Of the stories I’ve read so far this month, “Mrs. Todd’s Shortcut” is probably most similar to “The Man in the Black Suit,” although the latter has a horror element whereas this story feels more like a milder episodes of The Twilight Zone. It’s narrated as a mostly one-way conversation between two elderly rural Maine geezers. Homer, one of the men, shares the story of his peculiar encounter with the titular Mrs. Todd many years earlier, shortly before she vanished without a trace.
King has an obvious fondness for (and almost certainly firsthand experience with) the mannerisms of Maine’s rural residents, and it took me a few pages to get used to the slow, rambling pace of this story—which follows Homer’s somewhat scattered train of thought. I sometimes find the heavy use of regional accents and speech mannerisms in fiction irritating, but any annoyance with all the rural slang faded quickly and I found myself settling for the story by the time Homer’s tale begins in earnest.

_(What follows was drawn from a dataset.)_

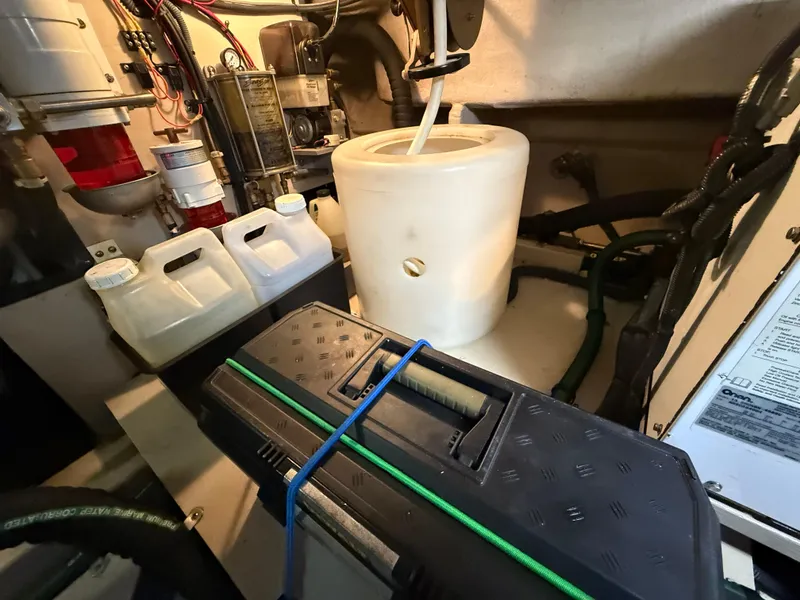 Slide: The Image of Engine room of 2006 Sea Ray 52 Sundancer with maintenance equipment and storage containers. - 46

Let’s take a step back for a moment to consider Stephen King’s storytelling. I’ve often wondered what it is about King’s writing style that is so undeniably appealing. After all, King’s prose is often overly verbose and lacking in literary grace. What King does do, however, is make you feel like he’s sitting right there with you telling you, personally, a story—between his obvious enthusiasm for his own stories and his lack of pretension in telling them, King really earns the title “storyteller.” In a story like “Mrs. Todd’s Shortcut,” he’s amping the let-me-tell-you-a-yarn vibe up to the maximum, and because he’s so darn earnest about it, and because his stories are frankly just interesting, it works really well. (It also fosters a real sense that you, the reader, know Stephen King on some vague but slightly personal level. Read a half-dozen King books, and you’ll comfortably identify yourself as one of the “Dear Readers” he often addresses in introductions or afterwords.)

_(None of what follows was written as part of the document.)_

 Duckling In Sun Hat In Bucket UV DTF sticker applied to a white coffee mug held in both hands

“Mrs. Todd’s Shortcut” is a good story, and it’s one you could probably actually tell around a campfire, if people do that kind of thing anymore. In it, Homer describes how Mrs. Todd would confide in him about her progress in finding shortcuts through their corner of Maine. He listens with skeptical interest to her stories of shortcuts that shave off 15 minutes… 30 minutes… and even more time off of her trips. She might even be growing younger with each shortcut she takes. Homer becomes infatuated with Mrs. Todd, and comes to understand that she might be too graceful, beautiful, and wild for this world.
At the peak of his infatuation with her, he accepts an invitation to ride along with her on one of her shortcuts, and is alarmed to find that her shortcut takes them through some very uncharted areas—outside the car window, he spots a strange, primeval wilderness with weird, dangerous-looking flora and fauna. He’s too scared to accompany her on further shortcuts, but she keeps finding them. She vanishes shortly after finding her fastest shortcut yet, and it’s implied that she’s found her true home in the wild roads of some otherworldly realm. In the story’s closing scene—I got a little teared up, I’m such a wimp—an impossibly young, beautiful Ophelia Todd returns one night decades later to pick up 70-year-old Homer and drive him off into the sunset.
“Mrs. Todd’s Shortcut” has more in common with a fairy tale than with the horror or suspense genres. It’s the story of somebody who must find their way to their “true home” in the underworld/fairy-world/heavens/etc. (For a moving example of this in modern pop culture, think of Ofelia in Pan’s Labyrinth.) The closer Mrs. Todd gets to her apotheosis, the more young, vibrant, and even godlike she appears to Homer. (She’s compared to the goddess Diana at several points.) Her vanishing is a homecoming, and when she comes back for faithful old Homer, she’s taking him to the wild kingdom she now rules, across the borders of death and reality.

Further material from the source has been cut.